The k_La value for each trial was calculated from a DO vs. time graph. To avoid sensor-related noise in determining the k_La, the calculation was based on DO concentrations between 10% to 90% of measured air saturation. The k_La values represent the slope of the line created by plotting the equation ln((C*-C₁)/(C*-C)) = k_La*(t-t₁) versus time (t₂-t₁).

For the Mobius^® iFlex 200 L Bioreactor, k_La values between 1 and 100 hr^-1 can be achieved at a 200 L working volume combining different mixing and sparging conditions; k_La values up to 80 hr^-1 can be achieved at a 40 L working volume (Figure 4). For the Mobius^® iFlex 2000 L Bioreactor, k_La values up to 72 hr^-1 can be achieved at 2000 L working volume and k_La values up to 109 hr^-1 can be achieved at 400 L working volume (see full guide for more details).

CO₂ Stripping

Maintaining CO₂ levels in the bioreactor through sparging and stripping is critical to control pH. At larger scales, CO₂ can accumulate more rapidly due to the increased bubble residence time, and this requires effective stripping capabilities to remove excess CO₂.

To assess the Mobius^® iFlex bioreactor stripping capabilities, two DO and two CO₂ probes were attached to the system via the sensor ports for data collection. As with the k_La studies, the static gassing out method was used to determine a k_La for air sparged into a CO₂ saturated solution. CO₂ was sparged into the system until saturation reached <10% DO. Air was then introduced via the open pipe or drilled-hole sparger until the solution reached <5% CO₂ and >90% DO.

CO₂ removal rate was calculated in percent per hour between 10% and 5% CO₂, a typical working range for cell culture processes.

For the Mobius^® iFlex 200 L Bioreactor, CO₂ removal rates of up to 33% CO₂/hr can be achieved at a 200 L working volume combining different mixing and sparging conditions; removal rates of up to 59% CO₂/hr can be achieved at a 40L working volume. For the Mobius^® iFlex 2000 L Bioreactor, CO₂ removal rates of up to 8.7% CO₂/hr can be achieved at a 2000 L working volume and removal rates of up to 28.1% CO₂/hr can be achieved at a 400 L working volume (Figure 5-8).
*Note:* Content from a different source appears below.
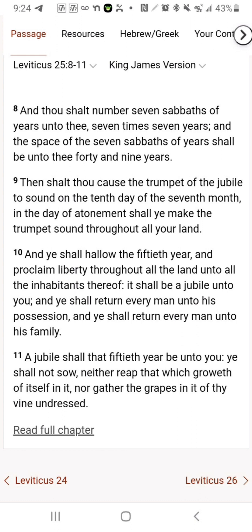We're going to start off with learning what a jubilee is, starting with Leviticus 25:8 through 11. 'And thou shalt number seven sabbaths of years unto thee, seven times seven years, and the space of seven sabbaths of years shall be unto thee forty and nine years.' So it's saying that every seven years is a sabbath year, and seven times seven years of sabbaths is 49 years. Then shalt thou cause the trumpet of the jubilee to sound on the tenth day of the seventh month.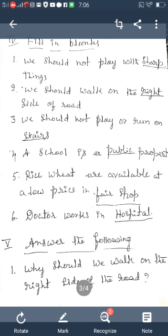Fourth: A school is a ___ property — answer: Public (P-U-B-L-I-C). Fifth: Rice and wheat are available at a low price in a ___ — answer: Fair Shop (F-A-I-R, S-H-O-P). Sixth: Doctor works in ___ — answer: Hospital (H-O-S-P-I-T-A-L). These are all six fill-in-the-blank sentences.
Mobius^® iFlex Bioreactors Support a Range of Biomanufacturing Processes

As shown by these highlights from the Mobius^® iFlex Bioreactors Scalability and Performance Guide, this portfolio of bioreactors offer the performance capabilities to support a range of biomanufacturing processes. The systems can support the demands of higher cell densities while remaining flexible and scalable from 50 L to 2000 L. Physical properties such as mixing time, volumetric mass transfer capabilities and power input ensure the bioreactors can accurately and effectively control critical process parameters.

Component durability and duration testing results, which can be found in the full-length performance guide, confirm the design of these bioreactors are robust and capable of supporting performance targets over the course of the bioprocess.